What if an employee objects to vaccination for personal reasons unrelated to a medical condition or religious belief?

The EEOC recognizes that “[s]ocial, political, or economic philosophies, as well as mere personal preferences, are not ‘religious’ beliefs protected by Title VII.”15 Employees who have refused other types of mandatory vaccination based on personal preferences or other reasons unrelated to a medical condition or religious belief have been unsuccessful in asserting viable claims under Title VII. For example, the Third Circuit Court of Appeals has twice dismissed Title VII claims by employees who challenged their employer’s mandatory flu vaccination policy on the basis of strongly held personal beliefs opposing vaccination because such beliefs are not religious in nature.16 It is likely that courts would analyze objections to COVID-19 vaccinations in the same manner. However, even if an employee’s objection to vaccination is not based on a disability or religious belief, an employer should thoughtfully consider the request before taking any action in response.

Does GINA apply to employee vaccinations?

No, so long as the vaccinations are voluntary, or are not administered by the employer or a third party engaged by the employer. Under Title II of the Genetic Information Nondiscrimination Act (GINA), employers may not (1) use genetic information to make decisions related to the terms, conditions and privileges of employment, (2) acquire genetic information except in six narrow circumstances, or (3) disclose genetic information except in six narrow circumstances. The EEOC confirms that vaccination for COVID-19 itself does not implicate GINA, even if the vaccine uses messenger RNA (mRNA) technology, as the Pfizer and Moderna vaccines do. mRNA vaccines work by introducing an RNA sequence into the body, which then triggers instructions for the body’s cells to generate proteins to create an immune response to a virus.17 By contrast, Johnson & Johnson’s vaccine utilizes “viral vector” technology that uses a modified, harmless version of a virus as a carrier to deliver immunity instructions to cells in the body.18Although the EEOC has not specifically opined whether the technology of the Johnson & Johnson vaccine by itself implicates GINA, it is unlikely that it would, given that viral vector vaccines do not rely on genetic information.19

As with the ADA, an employer’s administration of the vaccine may implicate GINA if pre-vaccine screening questions elicit genetic information (e.g., family medical history information) pursuant to an employer’s mandatory vaccination policy. However, like the analysis under the ADA, such pre-screening questions would not implicate GINA if the employer’s policy is voluntary and thus the decision to answer pre-screening questions is voluntary as well. Such questions would also not implicate GINA if asked by an independent provider. Therefore, employers can avoid the risk of violating GINA by simply asking employees to provide proof of vaccination or by adopting a voluntary policy. Of course, regardless of whether an employer’s program is mandatory or voluntary, GINA is not implicated where pre-screening questionnaires, such as the CDC’s model questionnaire, contain no questions regarding family medical history.20

May employers offer employees incentives to get vaccinated?
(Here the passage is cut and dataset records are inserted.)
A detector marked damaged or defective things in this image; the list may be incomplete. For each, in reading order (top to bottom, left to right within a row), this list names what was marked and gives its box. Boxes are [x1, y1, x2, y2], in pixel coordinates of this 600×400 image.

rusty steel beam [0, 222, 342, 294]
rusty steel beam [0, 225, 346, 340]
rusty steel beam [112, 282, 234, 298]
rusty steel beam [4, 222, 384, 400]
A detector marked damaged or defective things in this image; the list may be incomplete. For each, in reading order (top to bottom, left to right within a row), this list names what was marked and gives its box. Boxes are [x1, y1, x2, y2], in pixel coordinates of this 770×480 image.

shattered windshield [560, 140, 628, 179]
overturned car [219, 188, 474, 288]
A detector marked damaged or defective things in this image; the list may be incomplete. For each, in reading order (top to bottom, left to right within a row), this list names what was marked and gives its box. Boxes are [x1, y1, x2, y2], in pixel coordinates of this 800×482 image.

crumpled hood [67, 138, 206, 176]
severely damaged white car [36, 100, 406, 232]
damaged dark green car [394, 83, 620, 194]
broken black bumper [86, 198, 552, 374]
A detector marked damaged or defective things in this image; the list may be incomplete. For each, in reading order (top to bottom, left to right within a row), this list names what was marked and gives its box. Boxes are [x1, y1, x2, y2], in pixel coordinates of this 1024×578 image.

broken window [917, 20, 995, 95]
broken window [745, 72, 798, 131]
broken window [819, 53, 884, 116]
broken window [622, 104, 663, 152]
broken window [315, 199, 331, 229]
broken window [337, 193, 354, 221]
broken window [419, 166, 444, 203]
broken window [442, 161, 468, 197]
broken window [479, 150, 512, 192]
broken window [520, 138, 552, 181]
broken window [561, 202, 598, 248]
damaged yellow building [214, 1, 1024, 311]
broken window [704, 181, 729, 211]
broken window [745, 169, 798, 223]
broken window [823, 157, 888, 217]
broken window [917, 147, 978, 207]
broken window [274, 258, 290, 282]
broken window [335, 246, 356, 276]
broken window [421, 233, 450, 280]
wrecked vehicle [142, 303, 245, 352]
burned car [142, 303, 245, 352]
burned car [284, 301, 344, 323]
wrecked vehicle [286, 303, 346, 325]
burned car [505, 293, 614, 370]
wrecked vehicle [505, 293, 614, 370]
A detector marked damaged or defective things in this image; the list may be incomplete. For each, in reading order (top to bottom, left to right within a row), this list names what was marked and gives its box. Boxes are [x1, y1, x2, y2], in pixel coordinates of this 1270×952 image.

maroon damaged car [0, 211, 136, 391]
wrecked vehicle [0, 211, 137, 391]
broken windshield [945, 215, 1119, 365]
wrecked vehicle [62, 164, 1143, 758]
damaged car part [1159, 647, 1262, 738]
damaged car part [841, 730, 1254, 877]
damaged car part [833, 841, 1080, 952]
Yes, with limitations. As explained above, the restrictions in the ADA and GINA regarding medical and genetic inquiries are inapplicable when an employer’s vaccination program is completely voluntary. Whether a vaccination program is considered truly voluntary, however, will depend upon the nature and scope of the awards or incentives that are tied to participating in the program.
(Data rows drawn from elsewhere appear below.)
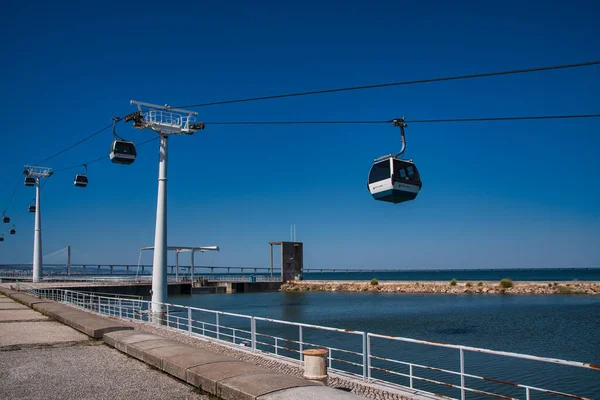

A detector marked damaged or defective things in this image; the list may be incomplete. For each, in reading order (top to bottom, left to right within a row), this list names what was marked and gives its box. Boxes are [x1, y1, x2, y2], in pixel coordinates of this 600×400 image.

rusty bollard [304, 348, 328, 382]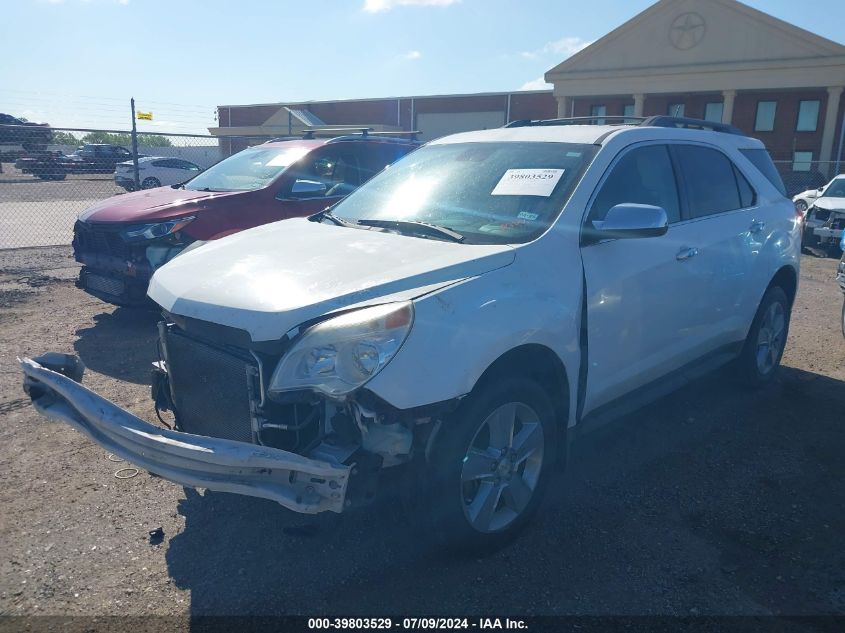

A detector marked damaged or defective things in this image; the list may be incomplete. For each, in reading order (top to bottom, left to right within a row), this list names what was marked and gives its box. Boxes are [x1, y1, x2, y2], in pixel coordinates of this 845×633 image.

damaged front end [71, 217, 196, 306]
crumpled hood [78, 186, 239, 223]
crumpled hood [148, 217, 516, 340]
crumpled hood [812, 196, 844, 214]
detached front bumper [19, 356, 350, 512]
damaged front end [18, 302, 442, 512]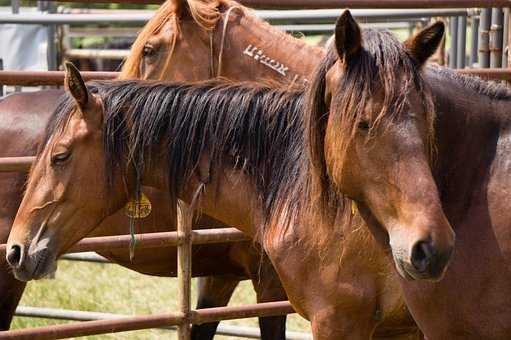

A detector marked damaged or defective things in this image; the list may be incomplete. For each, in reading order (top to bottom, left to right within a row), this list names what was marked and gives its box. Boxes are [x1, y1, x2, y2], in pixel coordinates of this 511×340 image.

rusty metal pipe [0, 227, 250, 256]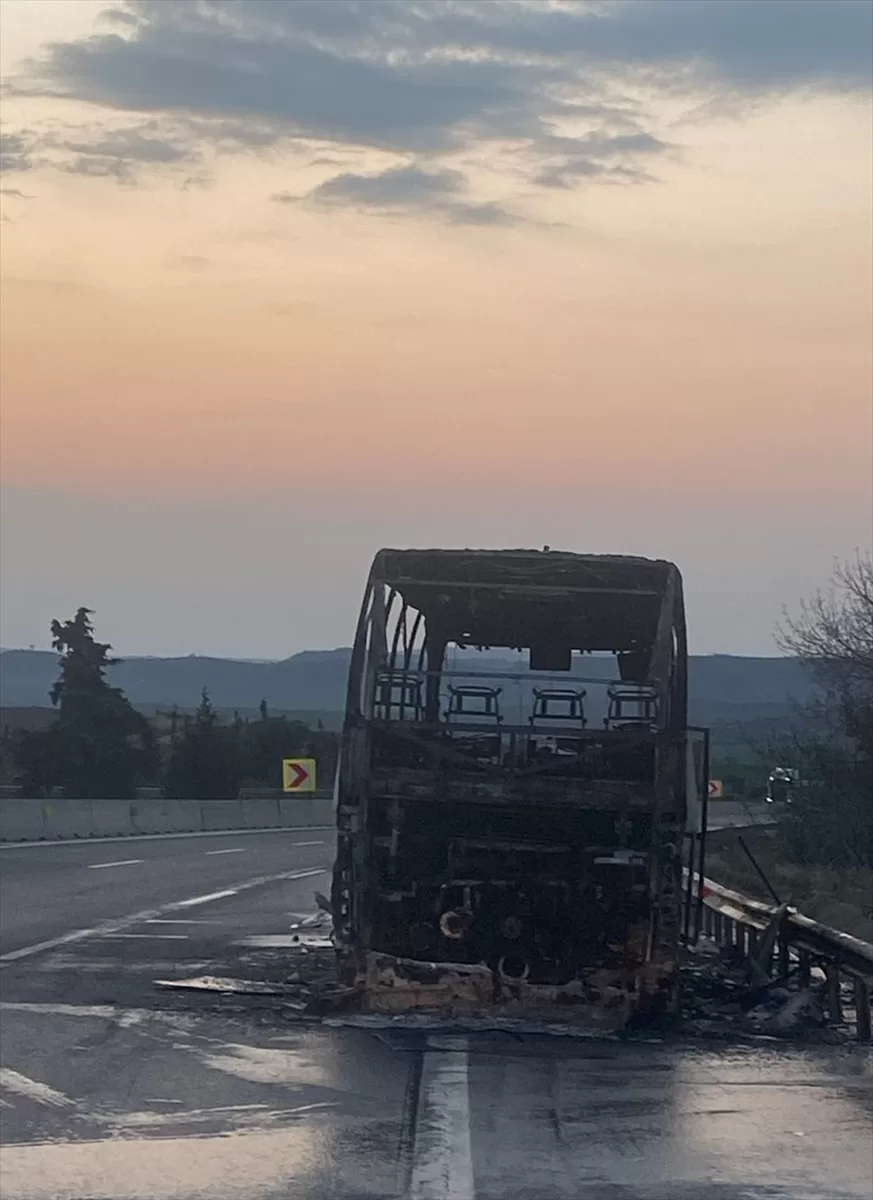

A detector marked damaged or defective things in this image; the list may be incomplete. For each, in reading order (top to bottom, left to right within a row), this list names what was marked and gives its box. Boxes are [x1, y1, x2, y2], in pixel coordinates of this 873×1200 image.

burnt engine compartment [362, 801, 652, 988]
burned bus wreck [330, 549, 705, 1027]
charred bus frame [330, 549, 705, 1027]
bent guardrail [695, 873, 873, 1041]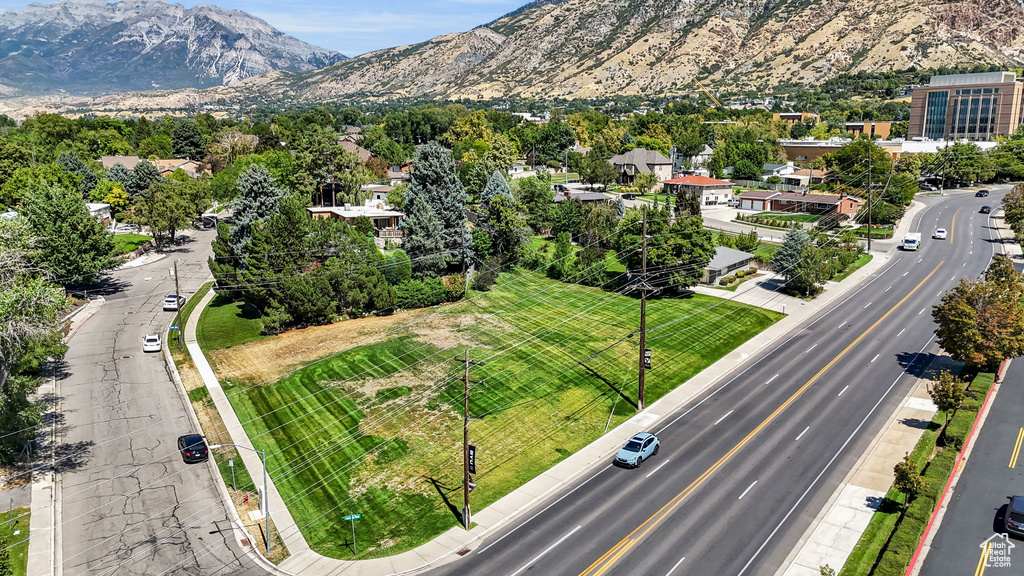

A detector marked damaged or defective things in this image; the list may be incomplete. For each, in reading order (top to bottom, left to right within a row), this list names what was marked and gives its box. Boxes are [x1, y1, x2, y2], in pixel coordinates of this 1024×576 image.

cracked pavement [56, 229, 266, 573]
In January, before the change in presidential administration, the EEOC proposed new regulations under the ADA and GINA that interpreted a “voluntary” wellness program as a program where the employer offers no more than a de minims incentive, such as a water bottle, to encourage employee participation, reasoning that incentives cannot be so attractive that they have the effect of coercing an employee into providing information protected by the ADA or GINA.21 However, the EEOC’s proposed rule was withdrawn in compliance with the Biden-Harris administration’s freezing of all pending rulemaking by the previous administration,22 and the EEOC has not announced if or when employers should expect further guidance on wellness programs.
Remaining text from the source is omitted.